2013年09月07日 13時50分12秒 | デジタル・インターネット

 スマートフォンやタブレット機の利用が増え、パソコンの売り上げが減少している昨今、Windows 8もそれほど大きな話題にならず、仮に導入してもWindows 7にダウングレード、つまり、古いものに戻すという例が多いとか多くないとかという話まで聞こえてきます。こんなことを記す私は、今回、MacBook Airを使っています。

 さて、今回は山形県の話です。朝日新聞のサイトに「山形県庁、MSオフィスに出戻り 無償ソフトの使用断念」という記事が掲載されています(http://digital.asahi.com/area/yamagata/articles/TKY201309060386.html)。今日付で、山形版の記事です。

 記事の内容は、見出しから大体わかるのですが、もう少し記していくことにしましょう。

 山形県庁では、業務用として「オープンオフィス」という無償ソフトを導入していました。どのようなソフトなのか知らないのですが、マイクロソフト社が2011年7月にWindows XP用「オフィス」のサポートを終了させたことがきっかけで、「オープンオフィス」の導入が進められたということのようです。山形県庁では「オープンオフィス」へ完全に移行することも目指していたのですが、多くの問題が生じました。

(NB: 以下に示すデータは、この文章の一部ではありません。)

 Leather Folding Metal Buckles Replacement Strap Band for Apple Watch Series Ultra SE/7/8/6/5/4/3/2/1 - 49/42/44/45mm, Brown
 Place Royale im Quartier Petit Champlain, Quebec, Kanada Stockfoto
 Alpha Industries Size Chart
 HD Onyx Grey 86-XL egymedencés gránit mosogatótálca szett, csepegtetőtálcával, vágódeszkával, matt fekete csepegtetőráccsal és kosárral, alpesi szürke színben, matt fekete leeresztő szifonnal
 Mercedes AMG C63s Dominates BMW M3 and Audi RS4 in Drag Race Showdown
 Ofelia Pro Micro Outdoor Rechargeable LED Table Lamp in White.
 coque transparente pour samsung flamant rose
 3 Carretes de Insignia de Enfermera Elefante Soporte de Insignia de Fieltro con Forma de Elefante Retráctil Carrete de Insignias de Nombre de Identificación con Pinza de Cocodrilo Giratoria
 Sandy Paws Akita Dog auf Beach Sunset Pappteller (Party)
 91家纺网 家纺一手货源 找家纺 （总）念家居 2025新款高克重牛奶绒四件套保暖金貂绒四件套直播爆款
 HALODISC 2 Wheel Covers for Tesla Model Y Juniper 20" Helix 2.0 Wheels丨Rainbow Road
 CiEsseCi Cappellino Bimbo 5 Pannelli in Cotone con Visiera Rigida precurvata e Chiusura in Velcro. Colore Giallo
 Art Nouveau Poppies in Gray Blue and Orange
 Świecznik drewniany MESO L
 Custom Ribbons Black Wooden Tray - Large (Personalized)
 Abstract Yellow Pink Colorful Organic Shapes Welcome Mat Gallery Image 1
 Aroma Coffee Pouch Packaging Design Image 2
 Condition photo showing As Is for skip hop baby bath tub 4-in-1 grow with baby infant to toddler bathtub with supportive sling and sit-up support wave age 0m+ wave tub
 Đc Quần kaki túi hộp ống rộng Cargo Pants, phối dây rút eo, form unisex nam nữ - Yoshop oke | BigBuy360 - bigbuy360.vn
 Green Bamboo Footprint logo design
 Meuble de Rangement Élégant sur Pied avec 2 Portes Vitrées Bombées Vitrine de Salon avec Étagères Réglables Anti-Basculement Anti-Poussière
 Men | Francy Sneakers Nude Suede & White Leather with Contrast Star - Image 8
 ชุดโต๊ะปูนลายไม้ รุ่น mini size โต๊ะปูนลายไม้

 その大きな原因と考えられるのは、山形県では「オープンオフィス」を利用していても、他の都道府県や市町村、そして民間ではマイクロソフト社のソフトが使用されることが多かった、ということです。庁内で文書作成などをするだけなら問題はないのかもしれませんが、外部との文書や図表のやりとりをしていると、問題が生じます。

 どのような問題が生じたのかを見てみると、文書の書式、レイアウトなどが崩れてしまう、文字化けが生じてしまう、ということです。文書を開くことができない、ということもあったのかもしれません。書式やレイアウトが崩れてしまうと、修正作業を行わなければなりません。文字化けは、メールなどでも時折起こりますが、全く解読不能の無意味な羅列に過ぎないので、使い物になりません。また、「オープンオフィス」の性能のためなのかどうかわかりませんが、動作も遅かったようです。

 周囲と合わせるようにしてソフトを選ばないと、大変なことになる、という事実の見本のような話です。山形県庁が「オープンオフィス」を導入した理由は、経費の削減とデータの継続管理で、おそらく前者に重きを置いていたのでしょうが、裏目に出てしまいました。言葉は悪いのですが、変なところでケチになると、後でかえって高くつく、ということです。

 今後も「オープンオフィス」の利用は続けるそうですが、県庁内の全てのパソコンにマイクロソフト社のオフィスを再び導入するとのことです。結局、「オープンソフト」を主力とすることはできなかったのでした。

 記事には書かれていないのですが、無償ソフトの場合、アップデートはどうなのでしょうか。マイクロソフト社のソフトの場合、定期的に、あるいは随時に、自動でアップレートが行われます(勿論、パソコンの設定にも左右されます)。放っておけば、そのうちにアップデートのデータだらけになってパソコンのハードディスクの容量がごく限られたものになるほどです。「オープンオフィス」ではアップデートが行われているのでしょうか。この辺りのことはわかりませんので、御教示いただける方がおられれば幸いです。